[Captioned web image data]
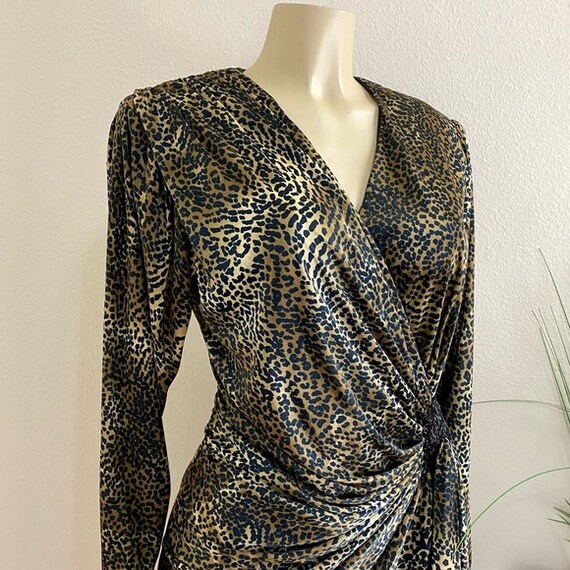 UNBRANDED | Vintage Cheetah Print Wrap Dress Sz 9… - image 5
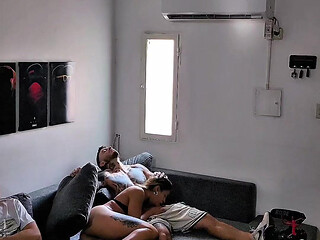 Fucking My Best Friend's Wife on the Couch While He Watches TV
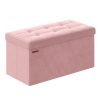 Banco almacenaje terciopelo, reposapiés, 2 cajas, rosa caramelo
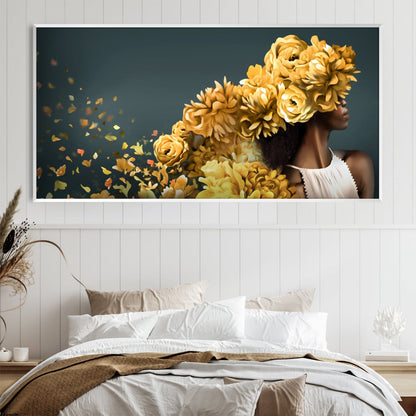 Vibrant Floral Woman Oil Painting for Elegant Home Decor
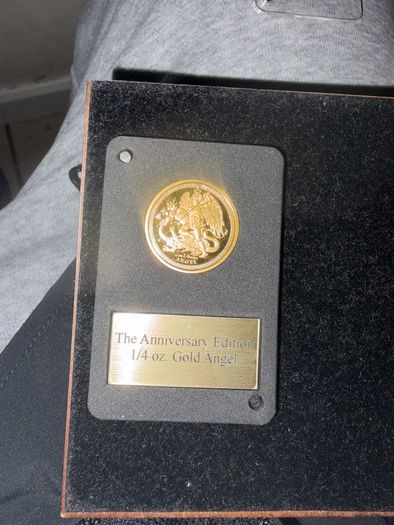 Gold 1/4 oz .999 Gold Angel anniversary edition coin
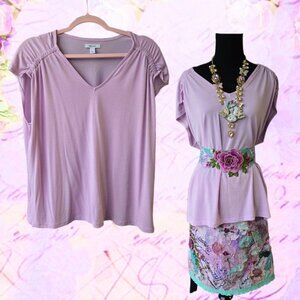 Nine West Light Pink Top Ruched Cap Sleeves Basic Layering Blouse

## WORK INSTRUCTIONS:
Set down every entry above exactly as written, but skip the pictures.

## OUTPUT BELOW:
 UNBRANDED | Vintage Cheetah Print Wrap Dress Sz 9… - image 5
 Fucking My Best Friend's Wife on the Couch While He Watches TV
 Banco almacenaje terciopelo, reposapiés, 2 cajas, rosa caramelo
 Vibrant Floral Woman Oil Painting for Elegant Home Decor
 Gold 1/4 oz .999 Gold Angel anniversary edition coin
 Nine West Light Pink Top Ruched Cap Sleeves Basic Layering Blouse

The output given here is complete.